Here are 6 things I focus on during the first week on the job.
6 Strategies to Make the Most of Your First Week on the Job
Continue what you started on the first day
The items we stressed for the first day are still important throughout the first week — meeting and interacting with your co-workers, learning their names, taking notes, locating key documentation, and presenting yourself with confidence will all continue to help you throughout the first week.

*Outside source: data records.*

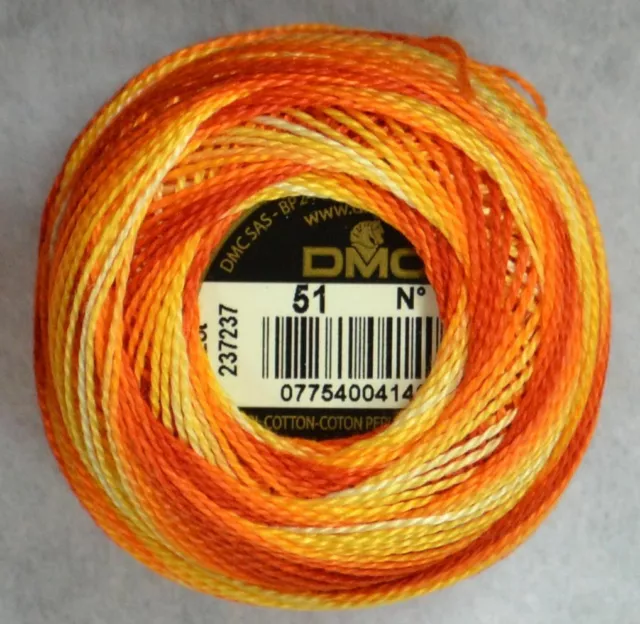 DMC Perle No.8 Cotton 10g Ball 80m Colour 51 VARIEGATED BURNT ORANGE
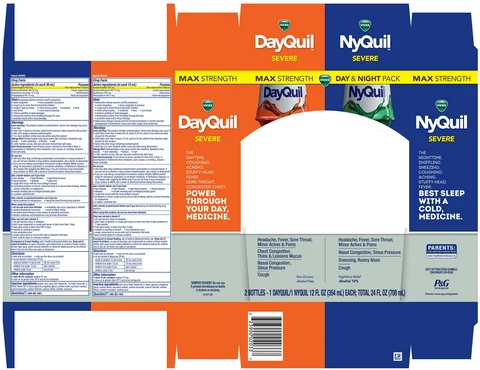 Vicks DayQuil and Vicks NyQuilSevere Cold and Flu 포장
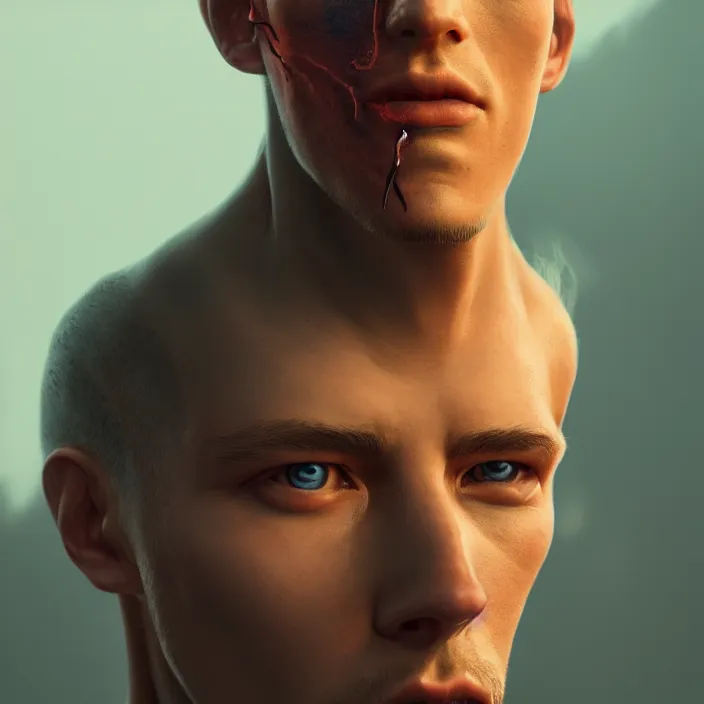 Image similar to portrait of a male model with a scar over his eye, by Tooth Wu, wlop, beeple, dan mumford. octane render, trending on artstation, greg rutkowski very coherent symmetrical artwork. cinematic, hyper realism, high detail, octane render, 8k, iridescent accents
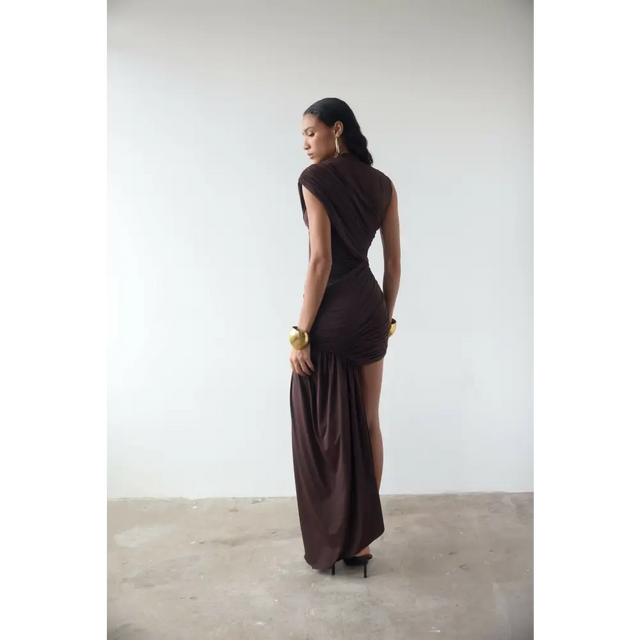 De La Vali Ravenna Draped Jersey Mini Dress Chocolate Brown Size 10 - 10 / Brown - Dresses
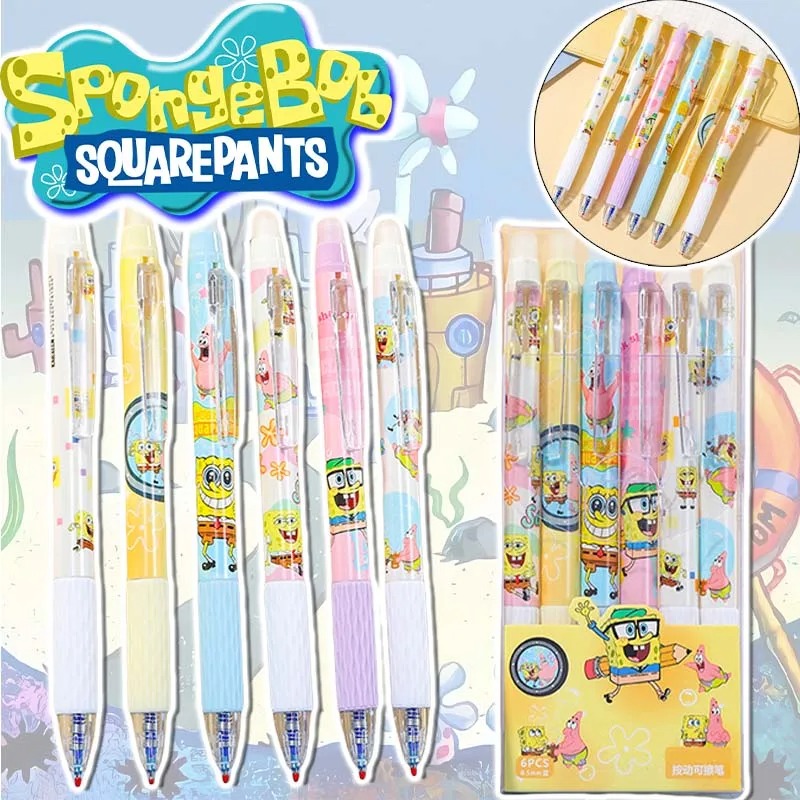 6 ピース/セットスポンジボブかわいい消去可能なペン 0.5 - Gel Ink Pen Set のレビューと価格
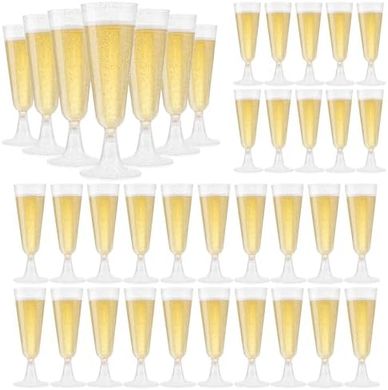 Sparkle Champagne Flutes: 40 Disposable Plastic Wedding Glasses
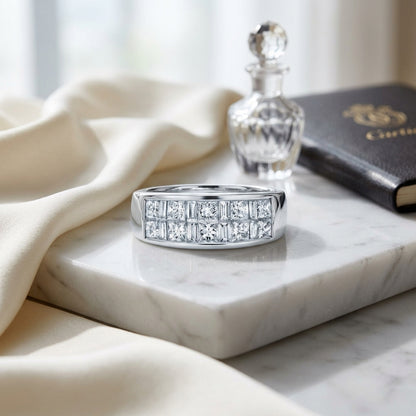 Diamond Invisible Princess & Baguette Ring In 18k White Gold — atelier still life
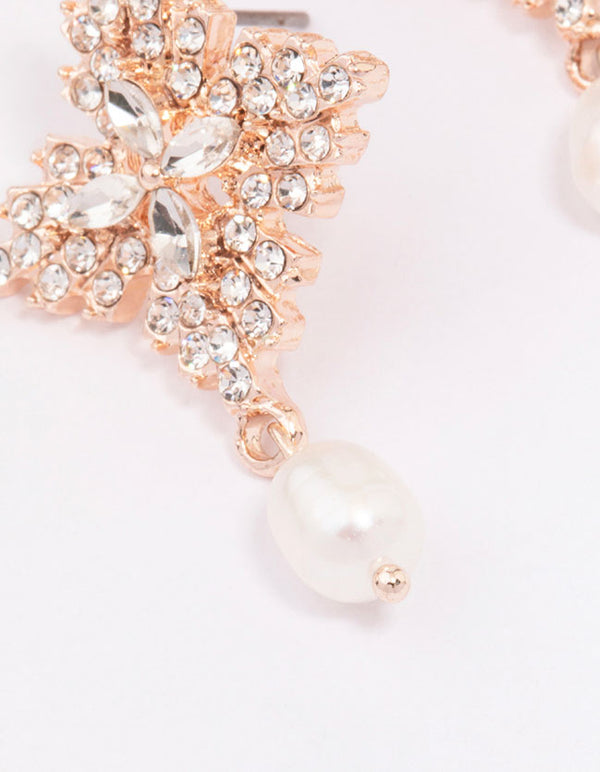 Rose Gold Freshwater Pearl Diamante Drop Earrings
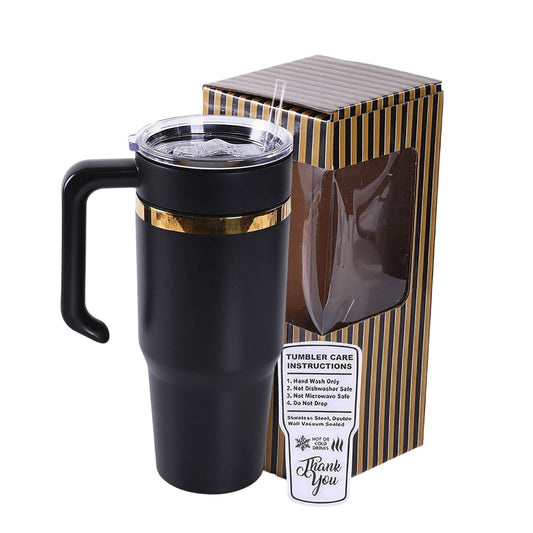 30oz gold electroplated tumbler with handle in black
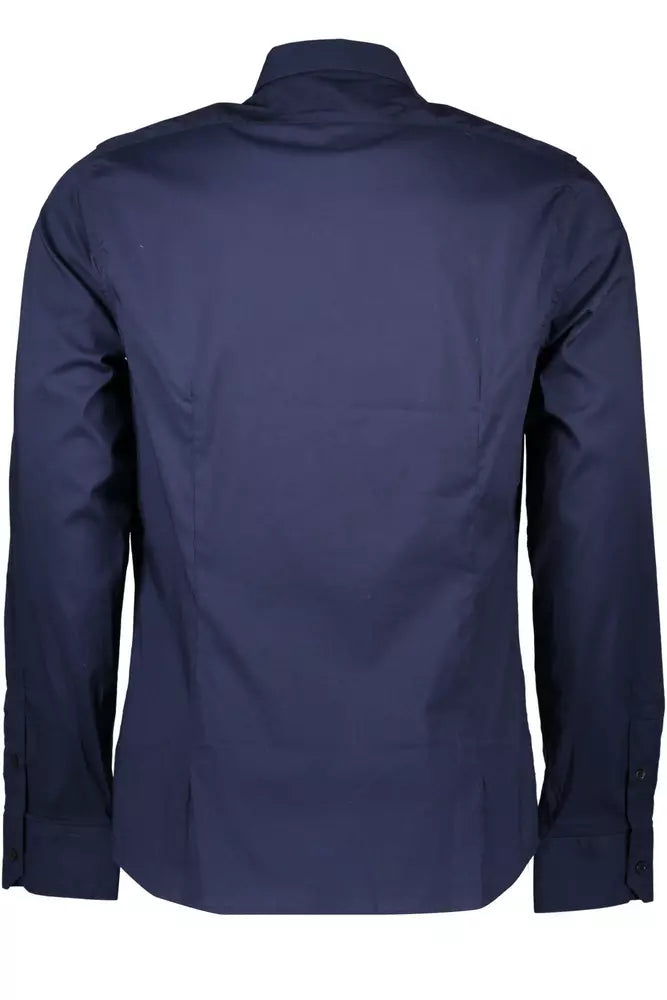 Blue Cotton Men Shirt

Understand what the cadence of the team and their work is
One of the most important things to do in the first week is to understand how your new team gets their work done. What are the regular meetings? Is the team using Agile — if so, what is the sprint cadence and what are the ceremonies and meetings associated with it? Are there other regular meetings scheduled like code or architecture reviews?
Read the documentation
On the first day, try to find out where your new team stores their key documentation and now is the time to start reviewing it. In so many cases the answers to the questions you have are right there waiting for you to find them. Even if you have no pressing questions, reading the team’s docs can shed valuable light on how they think and work and how they will expect you to complete your tasks.
Start building your network
As you are meeting your new team members and others in teams you will be interacting with, figure out who will be willing and able to best help you with different aspects of your work. Who are the experts? Who is most approachable?
Dig into the data structures and existing code base
There is no better way to understand what your team has already accomplished and how they go about their work than poking around the code and data that already exists. Patterns and practices that I discover in code and data structures are often much more informative than discussions with the people who wrote that code.
Focus on delivering measurable work by the end of the week
Make producing something the primary goal of the week. Nothing gives me more confidence at a new job than committing code or meaningfully contributing to a pull request. A focus on delivery can also drive me to interact with coworkers and code to discover how exactly to get my first task done. If you haven’t been given a task, ask for one.